As per this thread from 18 months ago https://www.aquaticplantcentral.com/forumapc/lighting/132938-lighting-40b-two-stingrays.html i am running 2 Stingrays on a 40B tank. Using 1 layer of window screen I am running 40 PAR on bare substrate at the bottom. I am moderately planted with floating plants on 15% of tank surface (can't really get more due to surface flow characteristics, nor do I want more as I don't like floating plants much anyway)

I am thinking of adding a second layer of window screen to drop my PAR to 20 at the bare substrate level. I am sick of algae on the glass and stringy green algae on my plants which I have been dealing with for many months now. I dose 10 ML of Metricide and dose almost a full EI Regimen, both of which exceeds typical "low tech tank" regimens, and still haven't knocked out the algae. Only thing I can think to do is reduce light. What do you think?


----------



## hoppycalif (Apr 7, 2005)

Do you use any CO2? DIY CO2 works fine on tanks with less than medium light, and it works even better if you also use Metricide/Excel.
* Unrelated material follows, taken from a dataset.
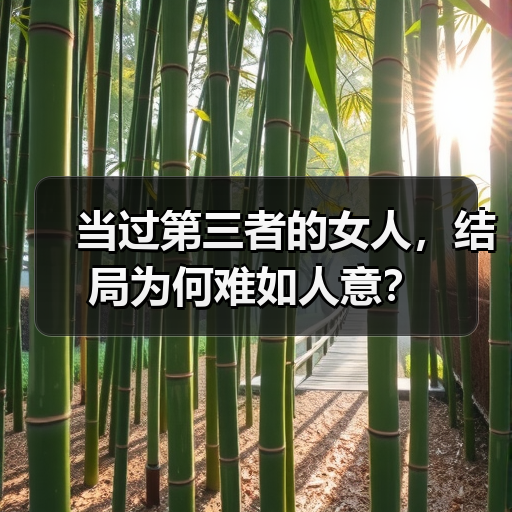 当过第三者的女人，结局为何难如人意？(图2)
I am using a pair of 2L bottles generating DIY CO2, with yeast/sugar. I have only 1/4 tsp of yeast and one cup of sugar per bottle. They last more than 3 weeks each between re-starting them, at staggered times. My light is around 30-40 PAR.


----------



## tiger15 (Apr 9, 2017)

40 PAR in a bare substrate tank is medium light, and with plant shading, it will cut PAR even further to low light regime. I don’t see any benefit of cutting PAR by half with window screen as there is barely any light left for growing any plants.

I think your algae issue has nothing to do with light intensity, but something else out of balance. Perhaps dosing full EI is too much for a low tech medium light set up. How are your floaters doing. If they look sick, something is out of balance in your water column as floaters can get plenty of CO2 from air.


----------